Не стану особенно вдаваться в подробности относительно уже упомянутых обитателей квартиры по указанному выше адресу, скажу лишь о некой Рае, матери – одиночке, работавшей уборщицей, если не ошибаюсь, в какой-то библиотеке. В комнатке, где она проживала с сыном Лёшей, было весьма много старых, потрёпанных книг, вероятно, давно списанных. Несколько из этих книг, не помню уж каким образом, попало в мои руки. Автором одной книги была прозаик Лидия Сейфуллина, автора другой я долгое время никак не мог установить, так как обложка и титульный лист у неё отсутствовали. Но именно эту книгу (с картинками) я впоследствии прочёл с большим интересом – она была про Лермонтова и очень интересно написана. Произведение начиналось (цитирую по памяти) с «непременного желания Машеньки» выйти замуж за красавца Юрия Лермонтова и заканчивалась роковой дуэлью у подножия Машука в Пятигорске. Впоследствии на месте этого злосчастного поединка мне приходилось неоднократно бывать. Признаться, мне очень не понравилась безвкусная помпезность, увековечивающая трагическое событие, случившееся в июле 1841 года. Как тут не вспомнить могилу Суворова в Александро-Невской лавре в Санкт-Петербурге и архи красноречивую, лаконичную надпись на надгробной плите, надпись, сочинённую Гавриилом Державиным и одобренную самим великим полководцем: “Здесь лежит Суворов”. Будь моя воля, я установил бы на месте дуэли великого русского поэта скромный обелиск с такой вот надписью на нём: “Здесь был убит Лермонтов!”. Имя автора книги я узнал через несколько лет – им был несравненный Ираклий Андроников.

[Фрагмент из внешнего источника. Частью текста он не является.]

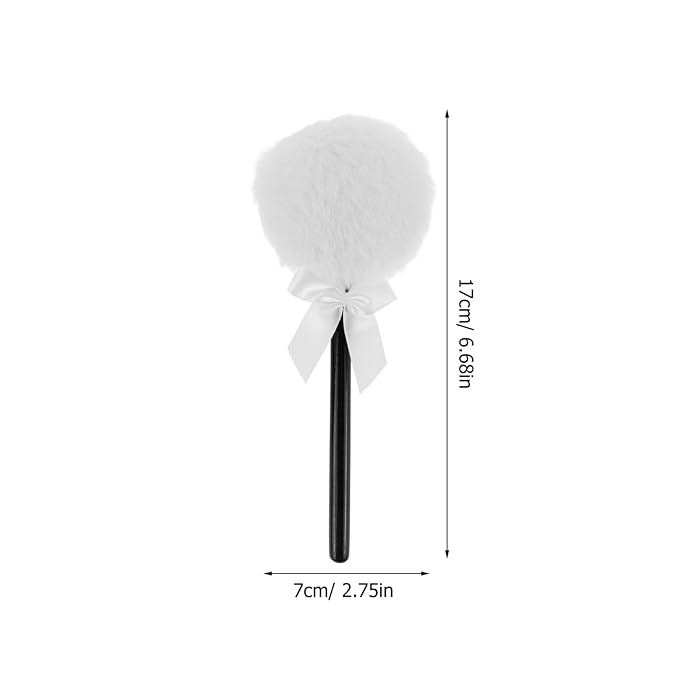 Fluffy Makeup Powder Puff with Handle 6.7 Inch Soft Velour Body Dusting Applicator for Face and Body Powder Setting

Квартира на Курбатовском переулке оказалась совершенно непригодной для проживания, но о приведении её в порядок сразу же после нашего возвращения в Москву не могло быть и речи – прежде всего требовалось решить первостепенные жизненные проблемы, именно: восстановить московскую прописку и получить продуктовые карточки. Маме надо было подумать и об устройстве на работу – не висеть же на иждивении родственников. Так что у бабушки на Разгуляе мы прожили около года, а, может быть, и больше. Во всяком случае прекрасно помню, что к сентябрю 1944 года наша квартира на Курбатовском не была ещё приведена в порядок и в школу мне приходилось ездить на трамвае по маршруту Разгуляй – Красная Пресня. Но о школе в следующем разделе.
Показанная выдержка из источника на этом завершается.